== AVAILABLE DATA ==
'''

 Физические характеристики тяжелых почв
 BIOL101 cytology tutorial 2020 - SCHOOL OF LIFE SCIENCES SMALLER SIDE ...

'''
'''

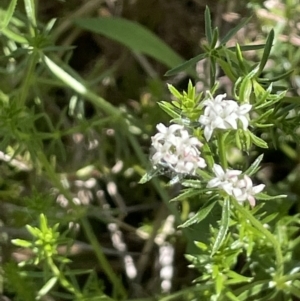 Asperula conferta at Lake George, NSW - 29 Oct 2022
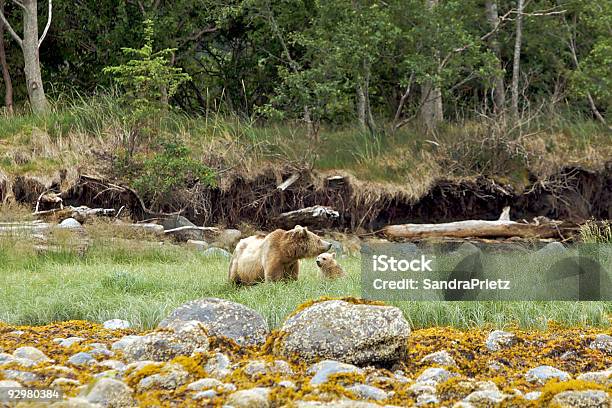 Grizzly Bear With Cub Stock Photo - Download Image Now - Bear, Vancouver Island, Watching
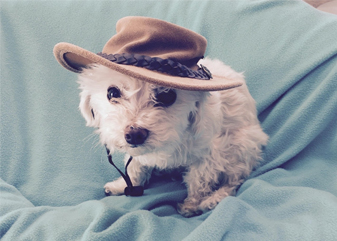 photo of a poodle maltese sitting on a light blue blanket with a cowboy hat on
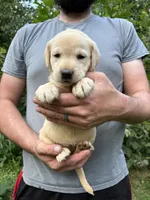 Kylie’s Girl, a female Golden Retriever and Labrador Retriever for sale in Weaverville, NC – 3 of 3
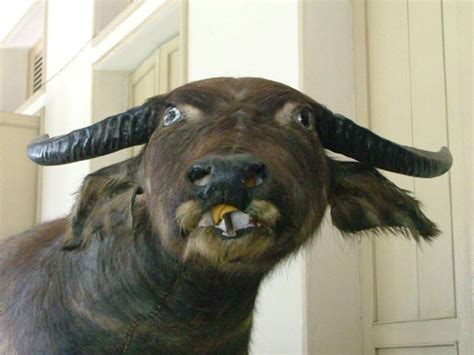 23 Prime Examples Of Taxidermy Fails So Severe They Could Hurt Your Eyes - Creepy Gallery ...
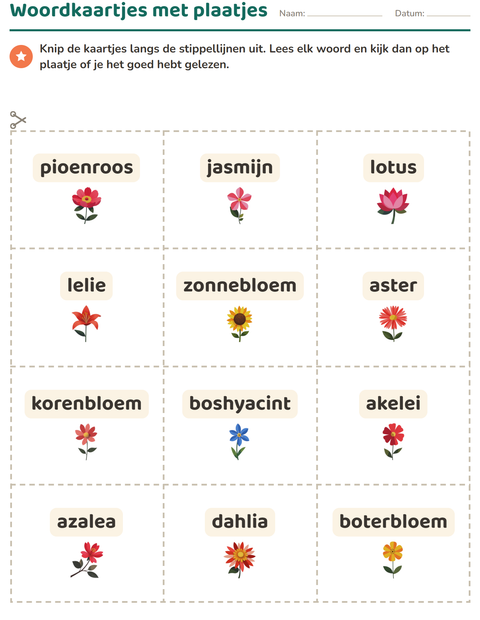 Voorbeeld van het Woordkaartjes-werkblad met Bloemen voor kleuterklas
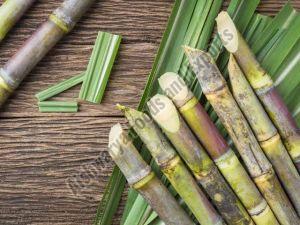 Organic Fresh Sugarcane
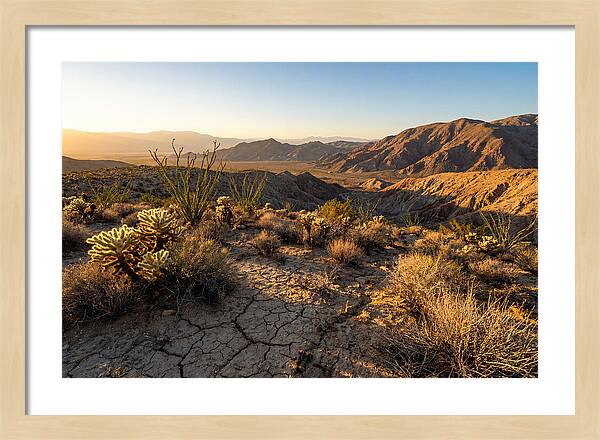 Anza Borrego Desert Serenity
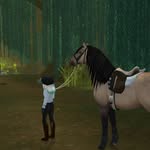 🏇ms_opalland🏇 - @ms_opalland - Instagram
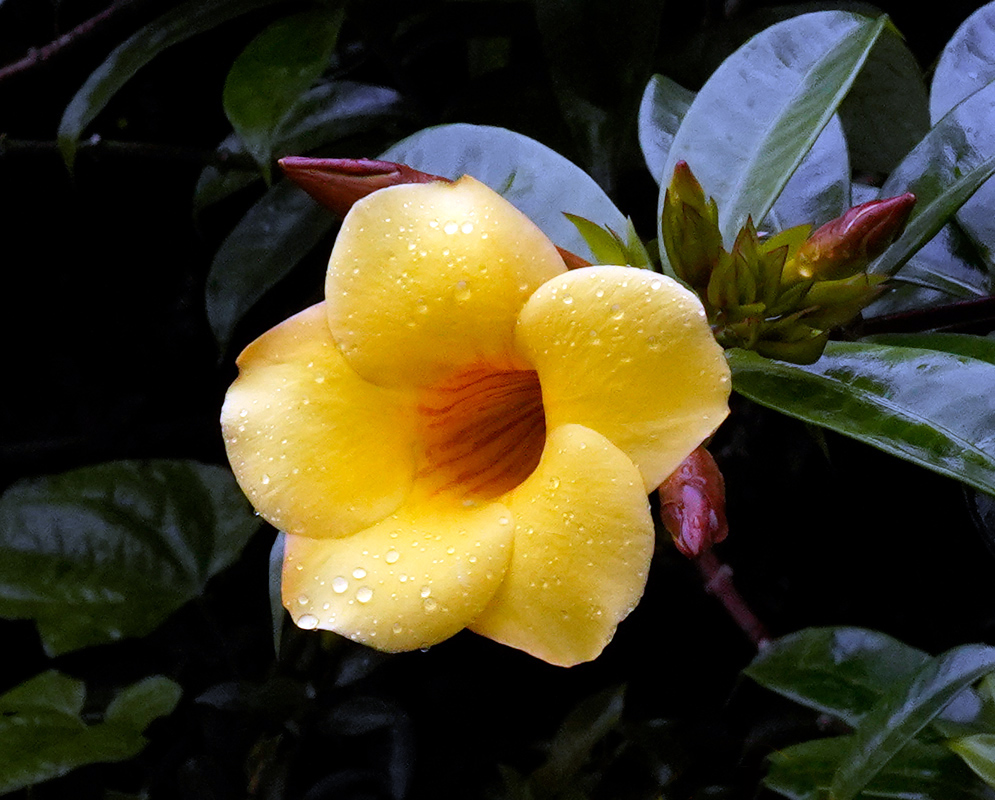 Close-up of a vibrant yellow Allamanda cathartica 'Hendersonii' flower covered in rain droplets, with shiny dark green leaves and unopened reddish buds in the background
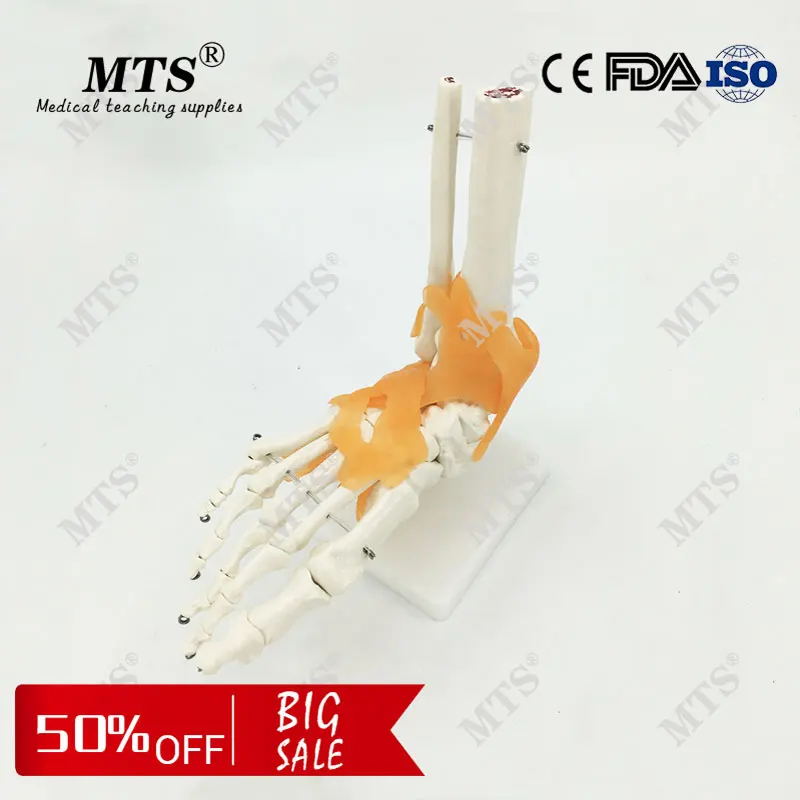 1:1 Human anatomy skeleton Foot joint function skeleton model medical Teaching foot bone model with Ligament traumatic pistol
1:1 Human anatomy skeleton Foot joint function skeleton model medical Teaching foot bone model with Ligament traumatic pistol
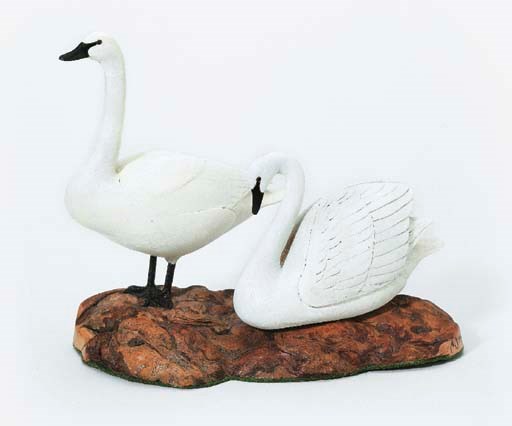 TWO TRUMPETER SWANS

'''

== WORK REQUIRED ==
Whatever else the listing above holds, retype exactly only the lines from the one containing "Физические характеристики тяжелых почв" to the one containing "BIOL101 cytology tutorial", both ends kept.

== ANSWER TO THE PROBLEM ==
 Физические характеристики тяжелых почв
 BIOL101 cytology tutorial 2020 - SCHOOL OF LIFE SCIENCES SMALLER SIDE ...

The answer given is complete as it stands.